Boucher, whose career varied from politics and telecommunications to inspiring the state's summer baseball league, died at 2:15 p.m. Friday at his Anchorage home. He was surrounded by members of his large family, said his daughter, Lara Boucher.
"He leaves an everlasting legacy," she said. "I never quit learning about things of his life, people he influenced, the opportunities he had in his life. One of his most amazing legacies is that he loved to bring people together and he inspired them from all walks of life, everyone from statesmen to convicted criminals."
Boucher, who suffered a stroke in 2005, began slipping in health about six months ago, according to Lara Boucher, a daughter with his fourth and surviving wife, Vicky.

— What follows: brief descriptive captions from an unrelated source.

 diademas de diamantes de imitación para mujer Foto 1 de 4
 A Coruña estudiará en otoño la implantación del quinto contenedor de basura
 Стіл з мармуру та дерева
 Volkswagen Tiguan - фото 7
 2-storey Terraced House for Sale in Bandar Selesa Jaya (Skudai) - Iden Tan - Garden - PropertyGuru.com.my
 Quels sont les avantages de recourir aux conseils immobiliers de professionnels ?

He was born in Nashua, N.H., on Jan. 27, 1921, shortly before his soldier father died from the lingering effects of exposure to mustard gas in the World War I Battle of Verdun of 1916. As a child, his mother developed multiple sclerosis and Boucher and his brother were placed in an orphanage.
His family said Boucher earned his lifelong nickname after President Franklin Roosevelt met the red-haired boy and said, "They ought to call you Red." The family said he ended up in Alaska after campaigning for a young senator from Massachusetts by the name of John F. Kennedy, who told him there was great potential in the far north territory.

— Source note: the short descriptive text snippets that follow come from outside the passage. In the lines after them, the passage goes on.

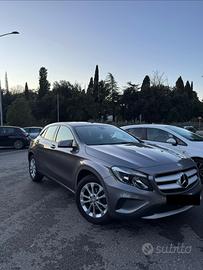 Mercedes-Benz GLA 180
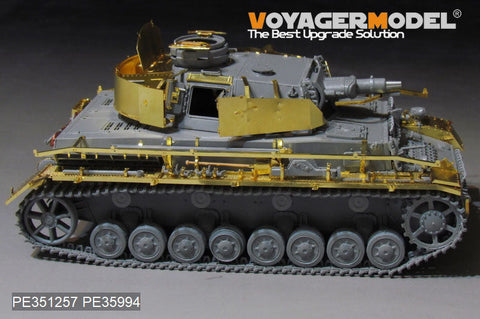 VoyagerModel 1/35 PE351257 WWII German Pz.Kpfw.IV Ausf.F1(LateProduction)Basic(DRAGON 6975)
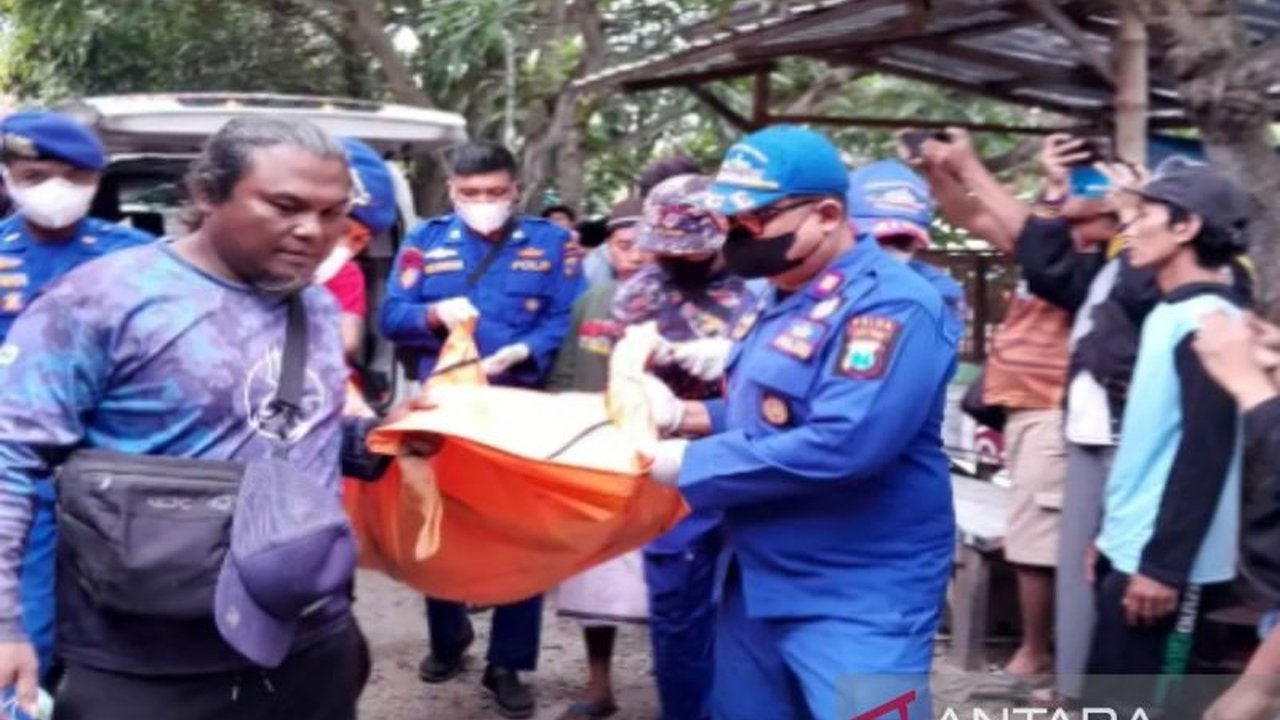 Tim gabungan menemukan jasad nelayan Muhammad Nari (47) di Bangkalan, Jawa Timur, setelah perahunya karam diterjang ombak besar pada 30 Januari 2025; dua rekannya selamat.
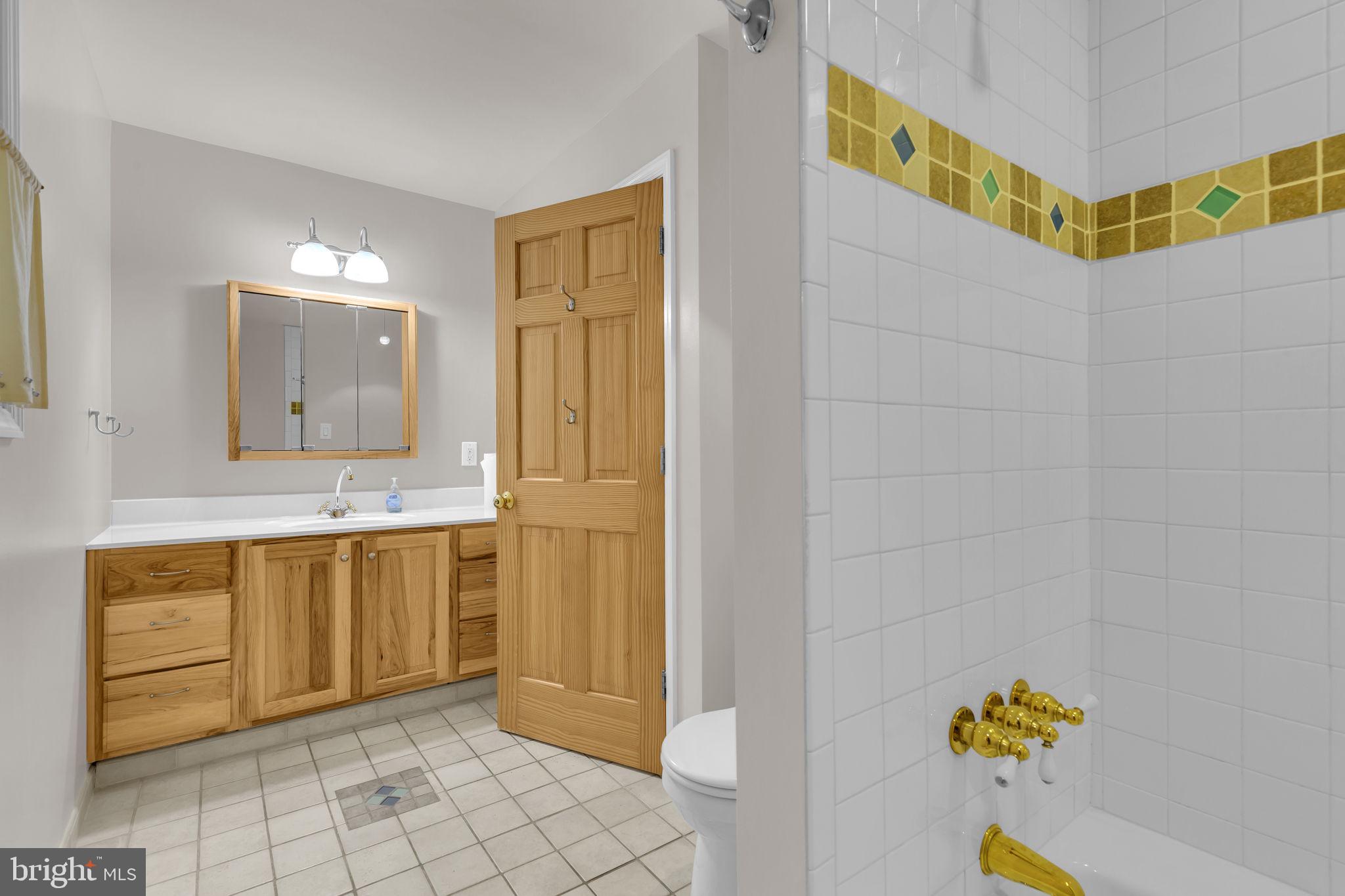 RIVERDALE PARK - Residential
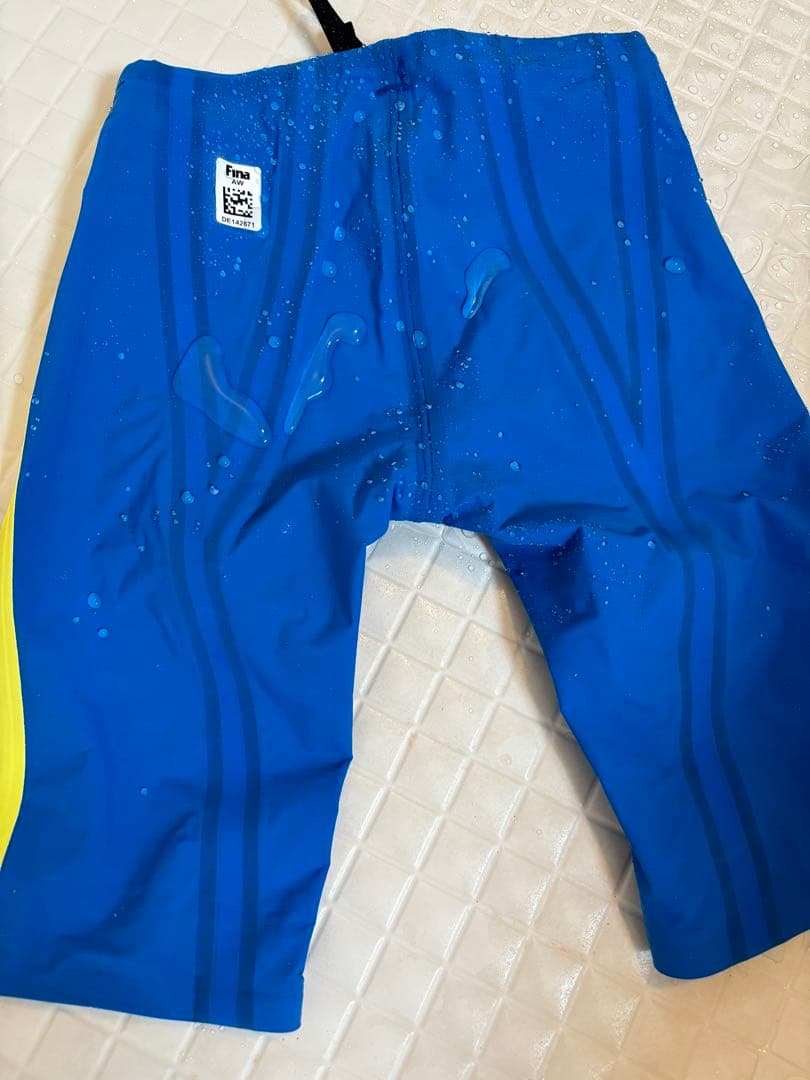 arena アルティメットアクアフォース SS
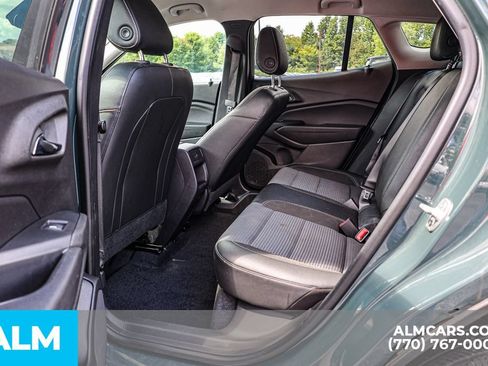 Used 2025 Chevrolet Trax LT FWD image 18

He arrived in Fairbanks in 1958 — a year before Alaska became a state — after serving 20 years in the Navy. Among his early accomplishments in the state, the baseball lover founded the Fairbanks Goldpanners baseball team in the 1960s, setting up the roots of the Alaska Baseball League. Earlier this year, Boucher was inducted into the Alaska Sports Hall of Fame.
He entered politics by way of the Fairbanks City Council, then served as mayor in 1966.
He served as lieutenant governor under two administrations, beginning in 1970. He later was elected to the state House of Representatives, then served on the Anchorage Assembly.
Another interest was telecommunications, sparked by the first Apple computers, a technology he envisioned connecting the world. He became known as a telecommunications whiz whose successes including a crusade to boost Internet access in remote villages.
Rev. Karl Clauson, Boucher's former pastor in Anchorage, recalled their first meeting seven years ago. Boucher approached him after a church service, clapped a hand on the red-haired minister's shoulder and said, "They call me Red but I think I could call you Red," said Clauson, who now lives in Irvine, Calif.
"Red was a very unique man. He had a zeal and a passion for life and God like few people I've met," he said. "Nothing excited Red more than seeing people win spiritually and the disenfranchised getting help."
A public memorial is scheduled for 12 p.m. June 26 at ChangePoint church in Anchorage.